▶ [Extracted records]:

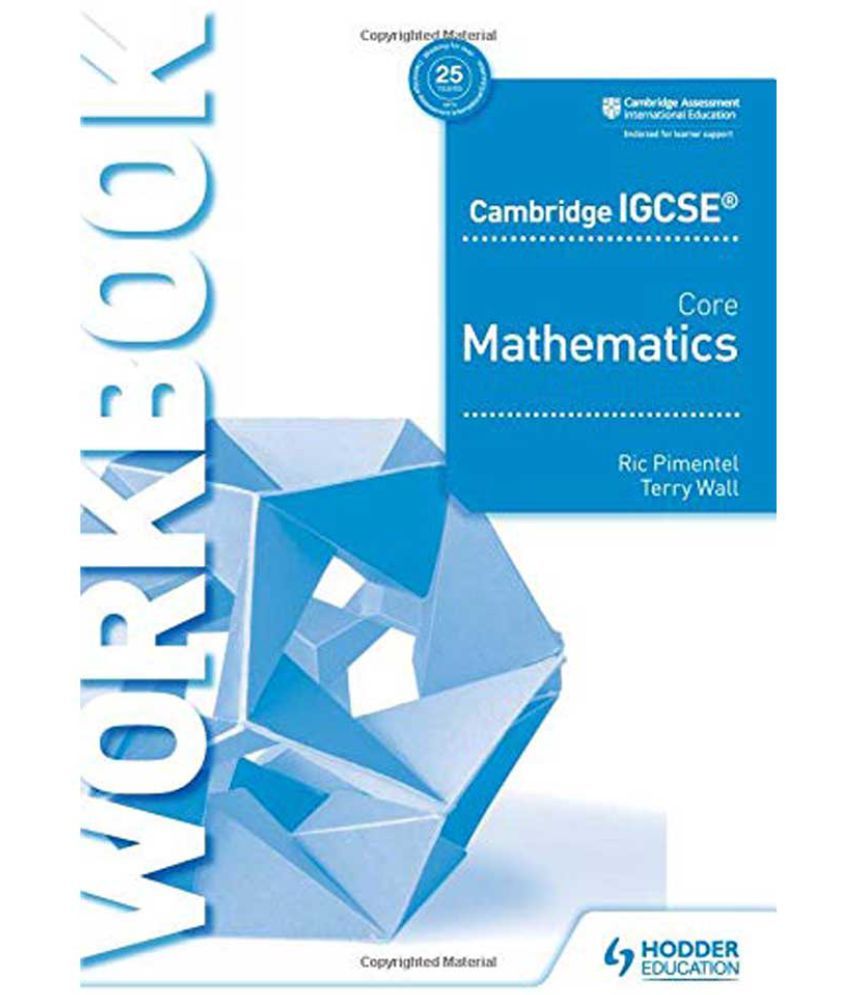 Cambridge IGCSE Core Mathematics Workbook: Buy Cambridge IGCSE Core ...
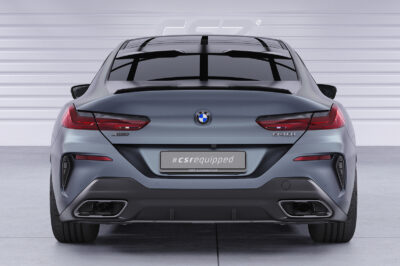 Becquet / Extension CAP pour BMW S&eacute;rie 8 G16 Grand coup&eacute; (depuis 2019) - Fabriqu&eacute; en ABS (6 finitions au choix)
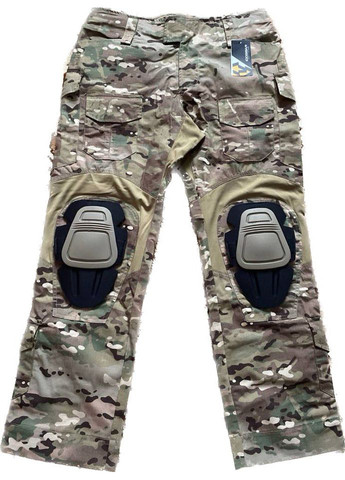 Комплект форми G3v2 Combat штани з наколінниками та сорочка (мультикам), XL IDOGEAR (301511814)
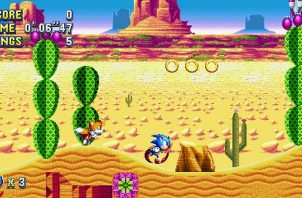 sonic mania screenshoot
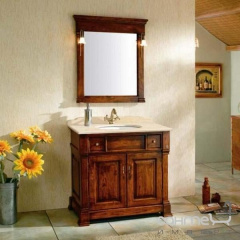 Комплект мебели для ванной комнаты Godi TG-07 канадский дуб, коричневый Черкассы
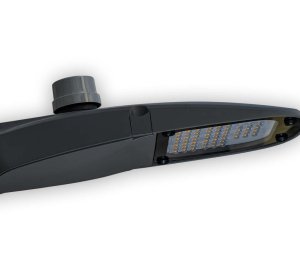 ENEC Certificated Smart LED Roadway Lighting High Luminaire Efficiency 160lm/W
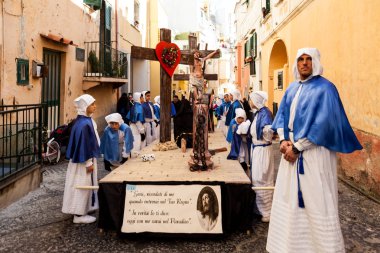 Procida, İtalya - 25 Mart 2016 - 11, 2016 - 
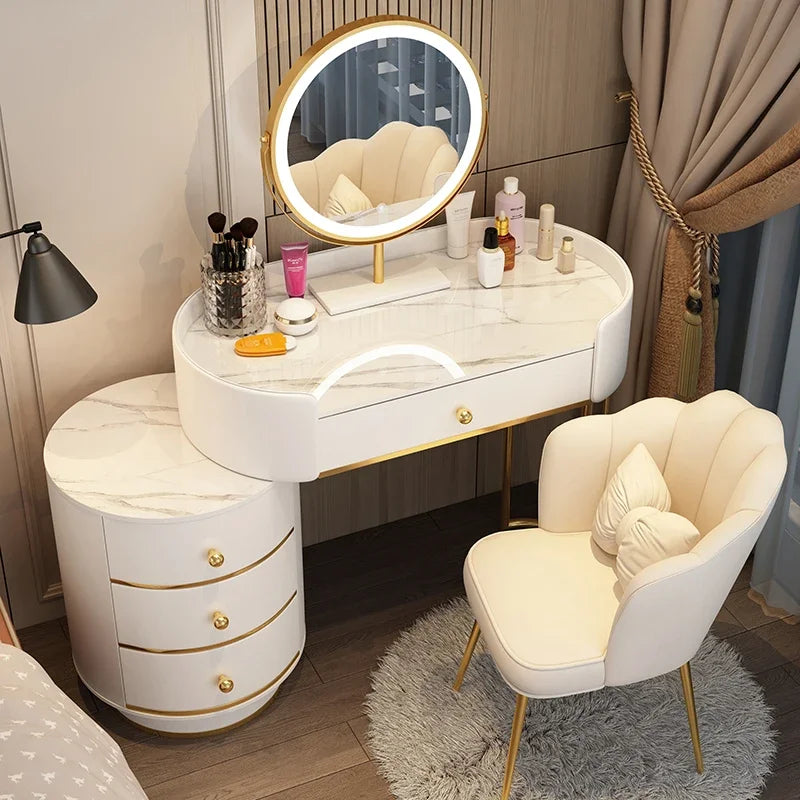 European Vanity Dressing Table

▶ [What the task requires]:
Please output, exactly and with no pictures, only the lines from the one containing "ENEC Certificated Smart" through the final line of the records above.

▶ [Expected answer]:
 ENEC Certificated Smart LED Roadway Lighting High Luminaire Efficiency 160lm/W
 Procida, İtalya - 25 Mart 2016 - 11, 2016 - 
 European Vanity Dressing Table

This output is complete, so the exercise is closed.